November 2022 Update from IRIS

IRIS in Mexico City for our first Story of the Story Session & Requiem for Justice 2022

Notes from the Story of the Story workshop, captured by Osama Manzar.

Fall 2022 has ushered in a new hybrid reality for IRIS, where virtual and IRL activities are coming online side by side. For IRIS, a week in Mexico City allowed us to work together in person for the first time since we launched in Summer 2021. As the world anticipated crucial elections in Brazil and the United States, with COP27 on the horizon and on-going conflicts in regions around the world, #RequiemForJustice 2022 brought us together. The Requiem was organized by MENA-based grantee Action for Hope as part of its global south network of 25 grassroots organizations engaged in cultural relief, called Landscapes of Hope.

The second biannual #RequiemforJustice event saw an expanded group of cultural and civil society partners from more than 15 countries to showcase the role of art in buoying those working for justice, addressing injustice and setting a course for a better future. IRIS hosted an intimate cohort of Requiem participants in our first Story of the Story session. Designed as a participatory learning space, participants considered how they could tell their *own* story to key interest groups to mobilize new or stronger support.

Both presenters and participants came away with a renewed commitment to work together, learn from each other, support each other and tell our stories with confidence, curiosity and compassion. In the words of author and participant Harsh Mander, “Time is elastic. You can live as intensely as you believe you need to.” Our own stories help fuel those carrying us forward.

— Cara Mertes, Founding Director of IRIS

Purposeful joins the IRIS blogosphere!

As they turn five and launch their ambitious 2023 research agenda, our partners at Purposeful have also come on-board to author IRIS’ first @Large Content blog post.

Celebrating a win during a Circle of Us energizer in Sierra Leone. Photographer: Kwame Lestrade.

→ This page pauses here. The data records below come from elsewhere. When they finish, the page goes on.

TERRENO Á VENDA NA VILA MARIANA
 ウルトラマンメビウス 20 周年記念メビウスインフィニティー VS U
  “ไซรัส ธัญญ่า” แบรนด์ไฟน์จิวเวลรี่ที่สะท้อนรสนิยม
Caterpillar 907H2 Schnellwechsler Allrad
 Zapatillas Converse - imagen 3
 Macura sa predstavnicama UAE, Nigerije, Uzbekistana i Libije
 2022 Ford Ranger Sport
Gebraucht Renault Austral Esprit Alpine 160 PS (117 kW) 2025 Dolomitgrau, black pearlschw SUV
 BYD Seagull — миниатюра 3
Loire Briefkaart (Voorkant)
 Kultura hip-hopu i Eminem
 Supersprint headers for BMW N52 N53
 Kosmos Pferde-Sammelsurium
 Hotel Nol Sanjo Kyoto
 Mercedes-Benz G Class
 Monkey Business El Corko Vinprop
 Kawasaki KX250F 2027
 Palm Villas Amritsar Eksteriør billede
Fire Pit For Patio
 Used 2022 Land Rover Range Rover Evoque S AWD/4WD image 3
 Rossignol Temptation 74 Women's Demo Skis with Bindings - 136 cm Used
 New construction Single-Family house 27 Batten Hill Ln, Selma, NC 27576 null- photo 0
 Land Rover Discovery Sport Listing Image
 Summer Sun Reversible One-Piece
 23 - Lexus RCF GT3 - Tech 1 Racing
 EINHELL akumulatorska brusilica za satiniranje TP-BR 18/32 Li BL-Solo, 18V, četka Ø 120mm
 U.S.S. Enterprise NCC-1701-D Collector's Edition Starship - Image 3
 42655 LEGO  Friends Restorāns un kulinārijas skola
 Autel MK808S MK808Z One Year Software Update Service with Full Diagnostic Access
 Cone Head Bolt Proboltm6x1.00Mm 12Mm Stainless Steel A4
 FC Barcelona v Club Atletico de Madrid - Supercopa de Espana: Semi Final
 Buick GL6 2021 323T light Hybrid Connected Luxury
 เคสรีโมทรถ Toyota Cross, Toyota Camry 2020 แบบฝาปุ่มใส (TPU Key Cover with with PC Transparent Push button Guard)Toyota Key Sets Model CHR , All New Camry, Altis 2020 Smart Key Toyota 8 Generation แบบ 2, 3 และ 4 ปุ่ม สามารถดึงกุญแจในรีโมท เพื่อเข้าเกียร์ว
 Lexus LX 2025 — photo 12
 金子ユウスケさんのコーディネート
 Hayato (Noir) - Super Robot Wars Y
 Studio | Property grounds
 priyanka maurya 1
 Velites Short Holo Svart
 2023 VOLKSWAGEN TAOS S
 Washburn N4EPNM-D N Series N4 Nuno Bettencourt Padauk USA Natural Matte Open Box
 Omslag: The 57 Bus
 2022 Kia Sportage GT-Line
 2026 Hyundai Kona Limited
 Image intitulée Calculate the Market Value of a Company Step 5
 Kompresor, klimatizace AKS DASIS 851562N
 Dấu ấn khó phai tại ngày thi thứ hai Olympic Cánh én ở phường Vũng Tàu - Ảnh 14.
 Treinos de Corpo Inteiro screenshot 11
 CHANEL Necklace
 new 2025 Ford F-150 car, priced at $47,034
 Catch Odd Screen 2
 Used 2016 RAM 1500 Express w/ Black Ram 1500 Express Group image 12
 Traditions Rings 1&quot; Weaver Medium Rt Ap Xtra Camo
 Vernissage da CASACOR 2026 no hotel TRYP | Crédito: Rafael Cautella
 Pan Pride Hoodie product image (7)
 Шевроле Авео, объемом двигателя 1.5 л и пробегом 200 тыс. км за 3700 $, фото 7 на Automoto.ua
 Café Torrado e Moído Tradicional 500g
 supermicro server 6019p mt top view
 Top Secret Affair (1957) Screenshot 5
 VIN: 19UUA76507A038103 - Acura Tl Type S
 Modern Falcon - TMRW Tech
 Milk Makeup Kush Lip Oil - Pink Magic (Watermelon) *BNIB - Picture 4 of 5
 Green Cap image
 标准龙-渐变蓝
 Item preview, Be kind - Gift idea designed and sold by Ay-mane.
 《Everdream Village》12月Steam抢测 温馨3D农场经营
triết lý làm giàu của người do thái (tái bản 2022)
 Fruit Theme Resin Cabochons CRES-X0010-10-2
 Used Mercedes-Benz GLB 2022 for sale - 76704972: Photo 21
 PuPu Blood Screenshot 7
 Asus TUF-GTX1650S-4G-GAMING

An organization working in the global south at the cutting edge of directly resourcing young women and girls in order to support their agency, Purposeful are co-designers with IRIS of Circle of Us, a new visual storytelling fellowship in development with its first cohort of 20+ feminists from Sierra Leone, Kenya and Tanzania. IRIS invited Purposeful’s Tana Forrest, Jody Myrum and Emma Mulhern to showcase using feminist principles to learn (and unlearn) in the organization’s role as hub for girls’ activism. Hear their take on the perils of “objectivity” and why, after a day full of sharing, learning and dancing, Purposeful is careful not to fall into “the trap of more” here.

As we attempt to unravel narratives, we must also recognize the power we carry—as those seeking to learn from and listen to people’s stories—to perpetuate them.
— Tana Forrest, Jody Myrum and Emma Mulhern (Purposeful)

Resources Supporting #SaferStorytellers

This fall, IRIS team member Innokenty Grekov with the help of web developer Nathan Bankhead is enhancing IRIS’ #SaferStorytellers microsite, hosted by the Rory Peck Trust, by adding an expanding list of safety and security resources to the website. Intended to make a range of safety, security, protection and wellness resources visible and accessible to grantmakers and funders as well as the storytellers they support, we’ve included links to resource hubs and emergency assistance funds as well as to relocation support and safe havens.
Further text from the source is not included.